No deck, brisa salgada, luzes douradas refletindo no mar. Eu nua, só salto alto Louboutin. Ele me untou com óleo de trufas, massageando meus peitos fartos. Mamilos duros como pedras. ‘Tua pele é seda pura’, murmurou, mordendo. Minha buceta latejava. Desci as escadas pro quarto principal, lençóis de linho egípcio. Ele me seguiu, pau duro balançando.
Villa de luxo esperava na praia privada. Piscina infinita, velas aromáticas de oud. Mas no iate, a tensão explodiu primeiro. Ele me jogou na cama king size. ‘Abre as pernas, vadia.’ Lambeu minha buceta devagar, língua no clitóris inchado. ‘Tão molhada, cheiro de puta no cio.’ Eu arqueei, unhas nas costas dele. ‘Fode minha boca agora.’ Ele enfiou o pau, fodendo minha garganta. Saliva escorrendo, eu engasgando, amando.
O Clímax Selvagem no Iate e na Villa
Virou de quatro. ‘Teu cu é meu.’ cuspiu na entrada rosada, enfiou devagar. Dor misturada a prazer, eu gritando: ‘Mais fundo, caralho!’ Ele bombava forte, bolas batendo na buceta. Puxou meu cabelo, tapa na bunda vermelha. ‘Goza no meu pau.’ Eu gozei jorrando, squirt molhando os lençóis. Ele acelerou, ‘Vou encher teu cu de porra.’ Gozou quente, escorrendo pelas coxas.
Não parou.

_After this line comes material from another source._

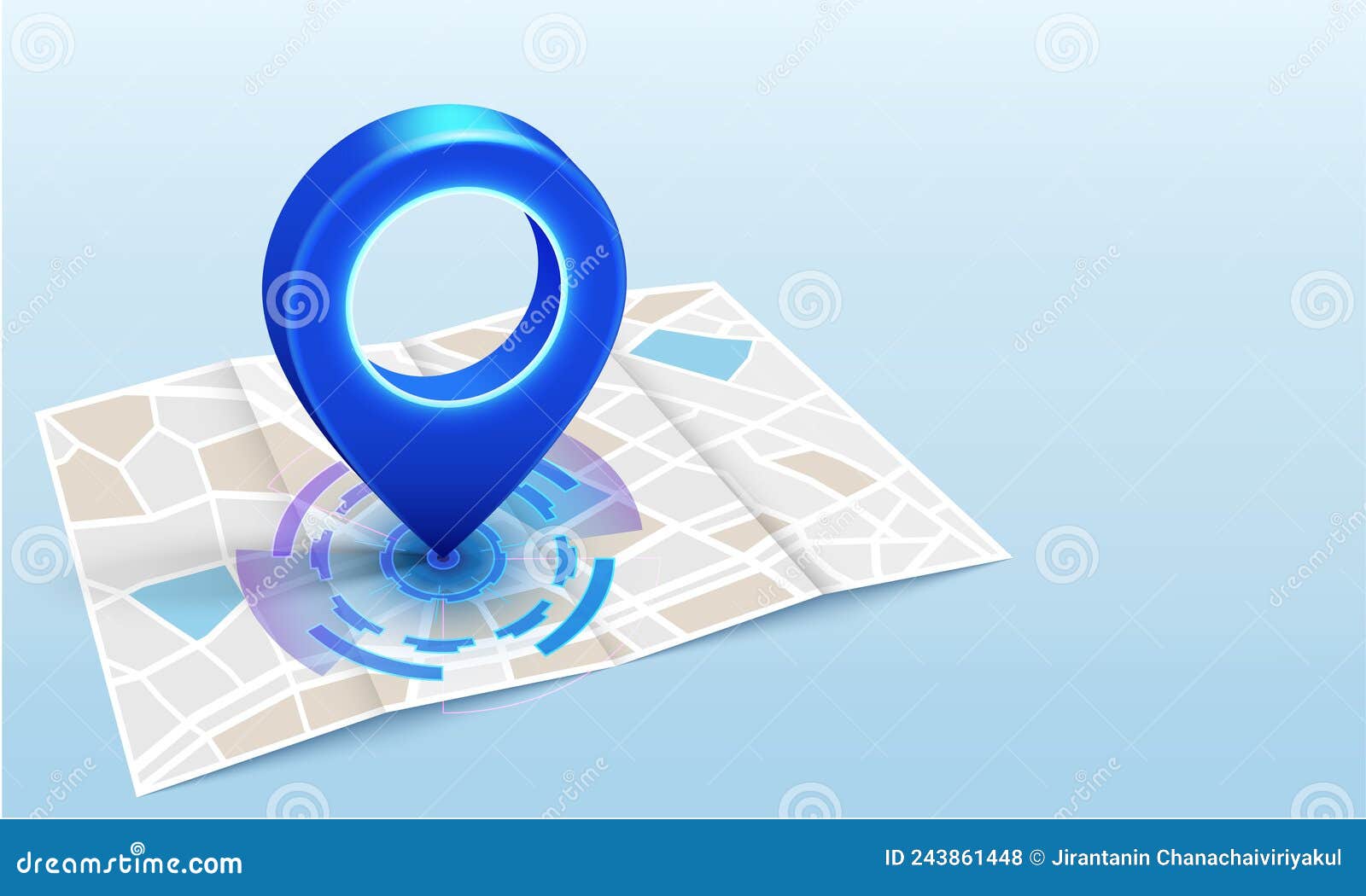 gps pin blue color drop in paper map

Me levou pra piscina do iate, água morna à noite. Eu cavalguei ele na borda, peitos balançando. ‘Chupa meus mamilos, Maria.’ Mordi forte, ele gemeu. Dedos no meu cu gozado, fodendo os dois buracos. Outra gozada minha, corpo convulsionando. Depois, na villa, deitamos na cama balinesa. Ele me comeu de lado, pau na buceta, dedos no cu. ‘Tu és minha rainha puta.’ Gozamos juntos, suor misturado ao cheiro de sexo e mar.
Agora, sozinha no hotel em Lisboa, bebo vinho verde gelado. Corpo dolorido, mas saciado. Privilégio de quem vive assim: luxo que vira luxúria pura. Sinto o esperma seco na pele, sorrio. Foi além do sonho. Quero mais. Ele liga: ‘Volta pro iate amanhã?’ Sim, porra. Sempre.